**Action item:** Give again, word for word, every line below from the one that has "Akriti - A soft" through the one that has "Black Cat Stride", both included, and no others.
═══ Available data ═══
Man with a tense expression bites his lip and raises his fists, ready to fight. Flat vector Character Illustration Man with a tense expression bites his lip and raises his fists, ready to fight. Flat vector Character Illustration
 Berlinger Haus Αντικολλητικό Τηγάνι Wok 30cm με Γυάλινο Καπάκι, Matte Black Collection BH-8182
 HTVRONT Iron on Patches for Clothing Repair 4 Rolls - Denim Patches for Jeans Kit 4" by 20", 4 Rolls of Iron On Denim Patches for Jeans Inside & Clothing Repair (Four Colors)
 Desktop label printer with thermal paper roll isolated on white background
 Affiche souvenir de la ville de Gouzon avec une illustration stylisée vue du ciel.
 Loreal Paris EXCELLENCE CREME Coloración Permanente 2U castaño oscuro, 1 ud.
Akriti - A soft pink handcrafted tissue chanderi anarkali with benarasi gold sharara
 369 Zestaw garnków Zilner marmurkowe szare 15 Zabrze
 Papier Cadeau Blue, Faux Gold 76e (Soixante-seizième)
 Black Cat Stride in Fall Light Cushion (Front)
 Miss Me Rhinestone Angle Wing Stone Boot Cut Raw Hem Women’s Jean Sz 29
═══
**Output of the exercise:**
Akriti - A soft pink handcrafted tissue chanderi anarkali with benarasi gold sharara
 369 Zestaw garnków Zilner marmurkowe szare 15 Zabrze
 Papier Cadeau Blue, Faux Gold 76e (Soixante-seizième)
 Black Cat Stride in Fall Light Cushion (Front)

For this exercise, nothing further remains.